Le Monde
Economie, mardi 12 décembre 2006, p. MDE1
Le Monde Economie
CHRONIQUE
Cerveaux choisis
ANTOINE REVERCHON
Sur les ondes des radios du Burkina Faso passe en boucle le dernier « tube » du groupe local de reggae Zedess, Un Hongrois chez les Gaulois, où la politique d'immigration choisie du ministre français de l'intérieur est prise à partie avec l'humour mordant que l'on chercherait en vain dans l'actuel débat politique hexagonal (www.zedess.com). « Fini l'époque du nègre musclé avec belles dents; aujourd'hui, il veut du noir diplômé intelligent », le refrain est explicite et renvoie à un débat économique très sérieux.
Pour certains experts, la fuite des cerveaux entrave le développement des pays du Sud en les privant des ressources humaines les plus compétentes et en leur faisant perdre le bénéfice de l'investissement consenti pour les former. Pour d'autres, elle favorise la croissance via l'envoi d'argent aux familles restées au pays, les investissements effectués ou inspirés par la diaspora, le transfert de compétences lorsque l'exilé revient au bercail, etc.
Frédéric Docquier, chercheur à l'Institut de recherches économiques et sociales (IRES) de l'Université catholique de Louvain (Belgique) a, dans un document de travail présenté le 8 novembre à Paris et résumé par le Centre d'analyse stratégique (Note de veille no 36), confronté les arguments des uns et des autres aux données disponibles, pays par pays : mesure de l'émigration et du retour des diplômés, des flux financiers engendrés, etc.

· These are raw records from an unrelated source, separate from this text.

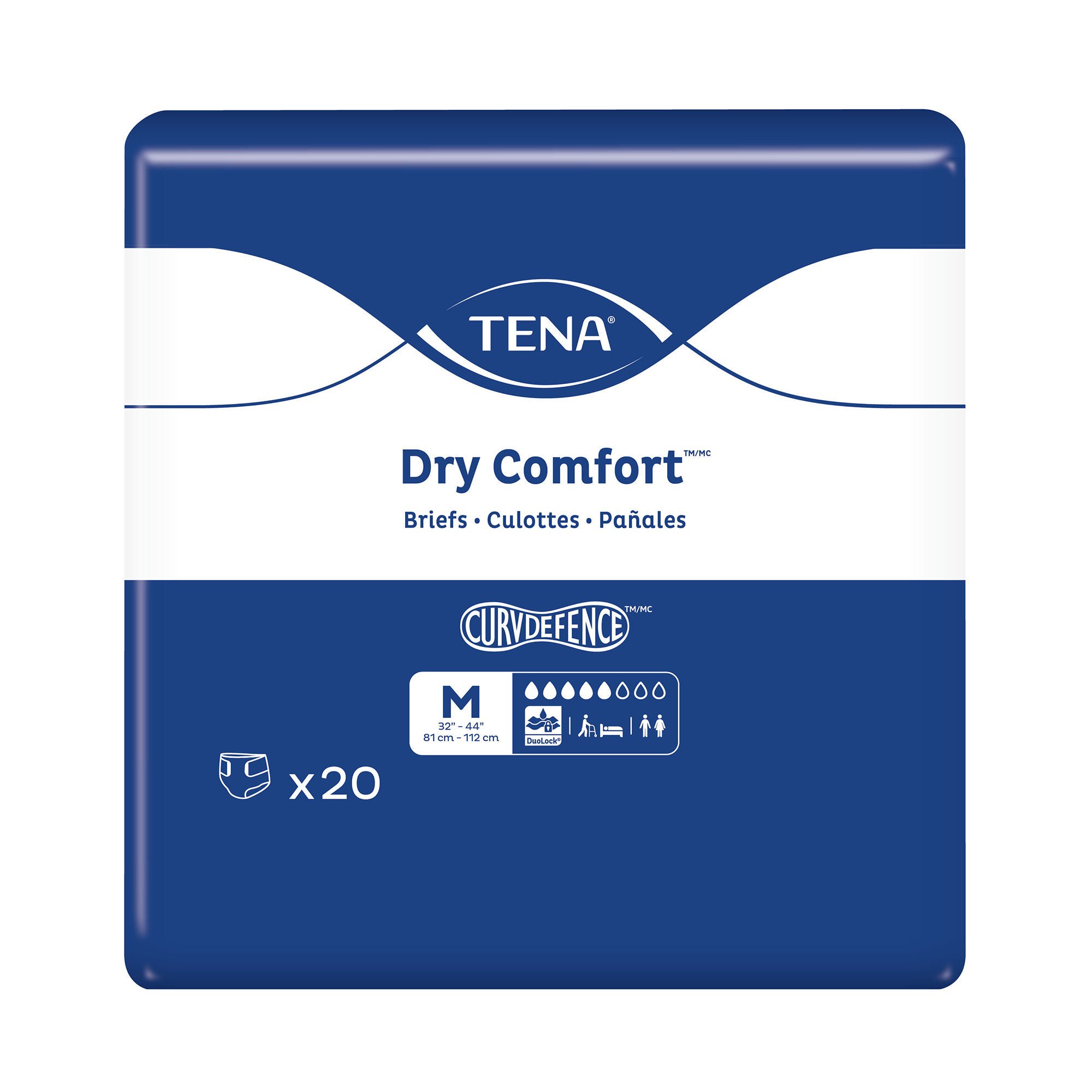 Tena® Dry Comfort™ Briefs with Curvdefence™, Medium, 32 – 44 Inch, Five Drops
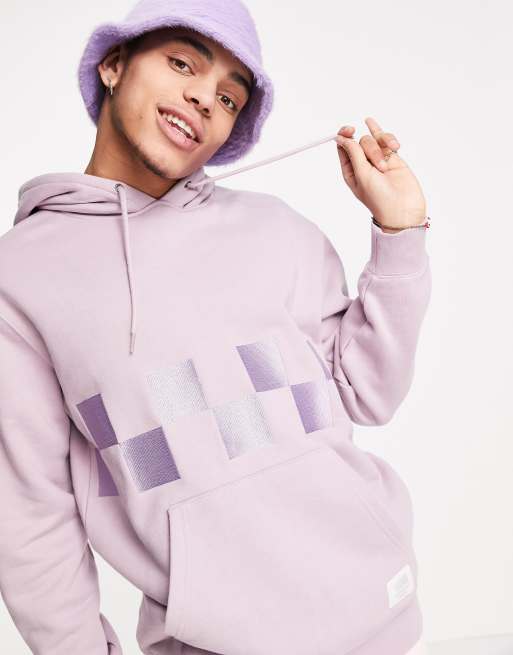 Vans pink hot sale checkered hoodie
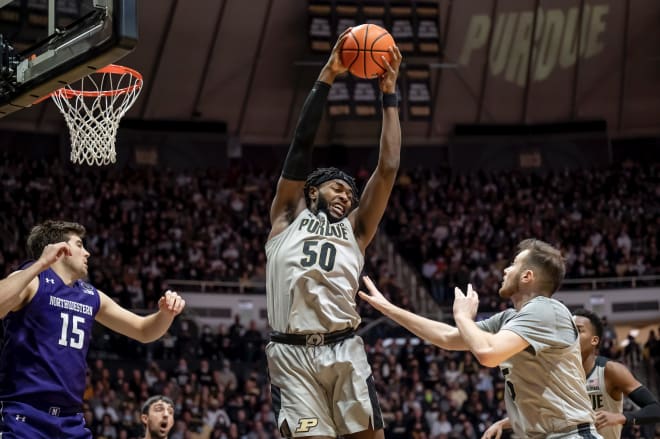 Trevion Williams' double-double helped propel Purdue to its comfortable win. Credit: @KrockPhoto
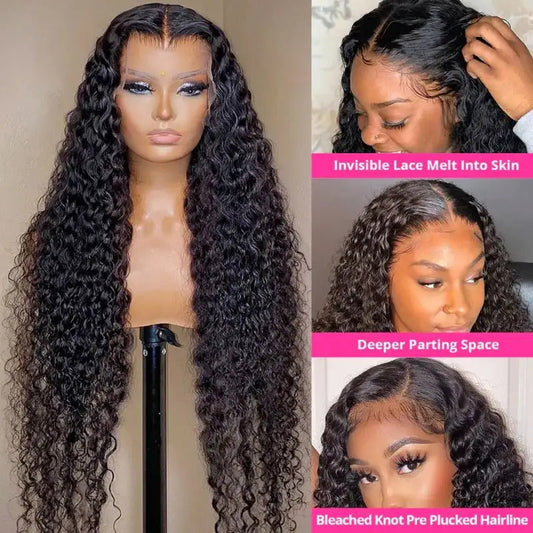 Pre- Plucked HD Lace Brazilian Water Wave Wig       100% Human Hair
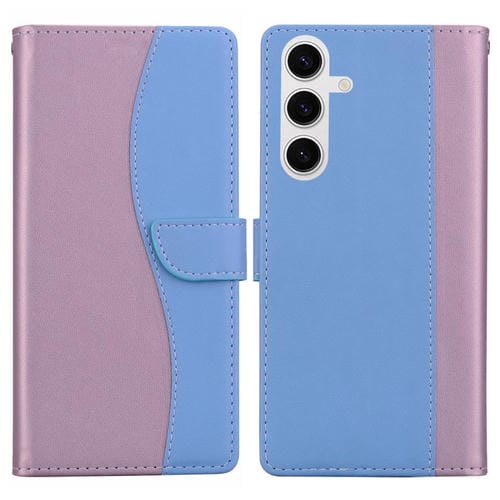 Funda de cuero bicolor con relieve para Samsung Galaxy S23+ 5G (rosa y azul)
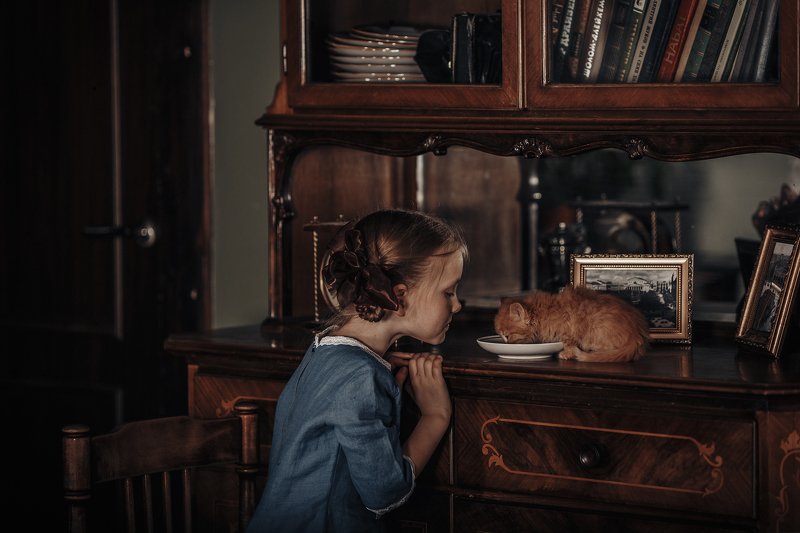 ретро, котенок, молоко, девочка. ребенок, ссср  фото превью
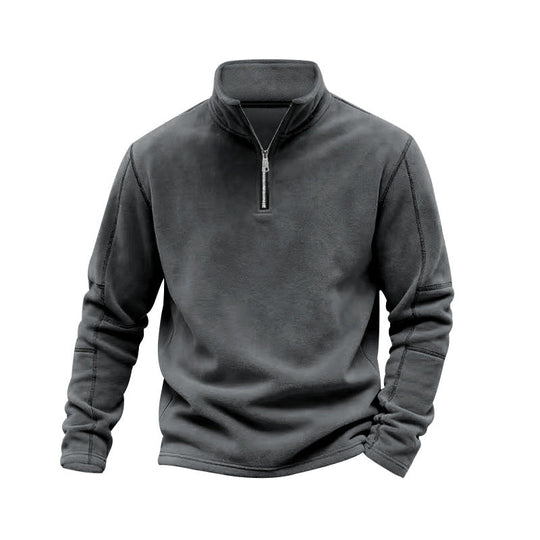 Herren nan leichter Fleece-Pullover mit halbem Reißverschluss und Stehkragen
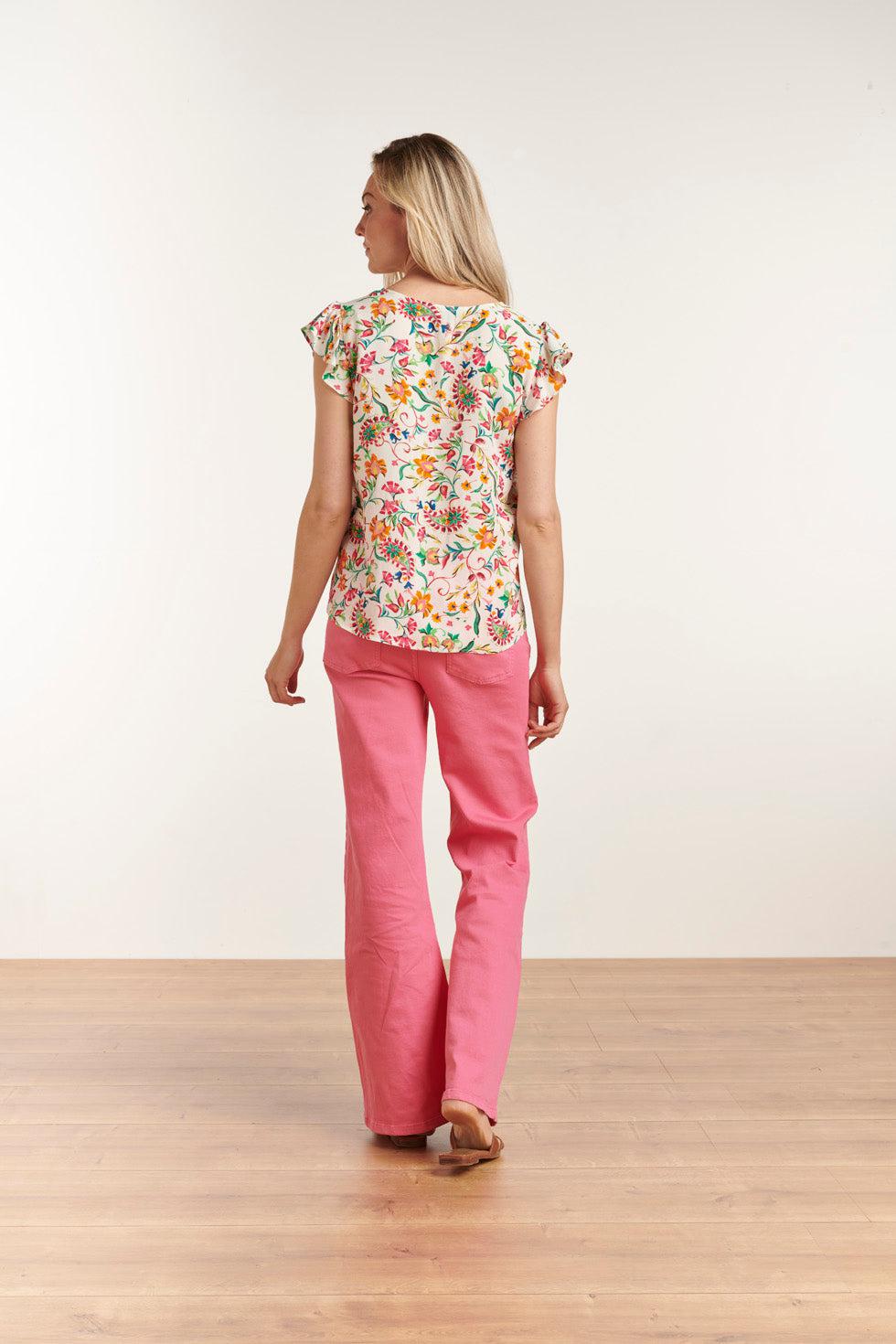 23171-420 Hoge Taille Rechte Jeans Broek | Pink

De cet examen scrupuleux il ressort que les avantages et les inconvénients de la « fuite des cerveaux » se retrouvent en proportion variable dans chacun des pays du Sud, en fonction des compétences concernées, des autres ressources nationales, du caractère définitif ou temporaire de l'émigration, mais surtout du pourcentage de la population qualifiée partie à l'étranger. Quand il est compris entre 5 % et 10 %, les avantages l'emportent sur les inconvénients. Or un quart des pays en développement présentent un taux inférieur à 5 %, ce qui, selon l'auteur, laisse une marge de manoeuvre à une « immigration choisie » bénéfique pour les deux parties.
En revanche, dans la moitié des pays d'Amérique centrale et d'Afrique subsaharienne - les plus pauvres de la planète - ce taux est supérieur à 10 %.
Bref, avant toute généralisation hâtive, il faut mesurer au cas par cas l'impact réel d'une politique d'« immigration choisie » sur l'économie du pays d'origine.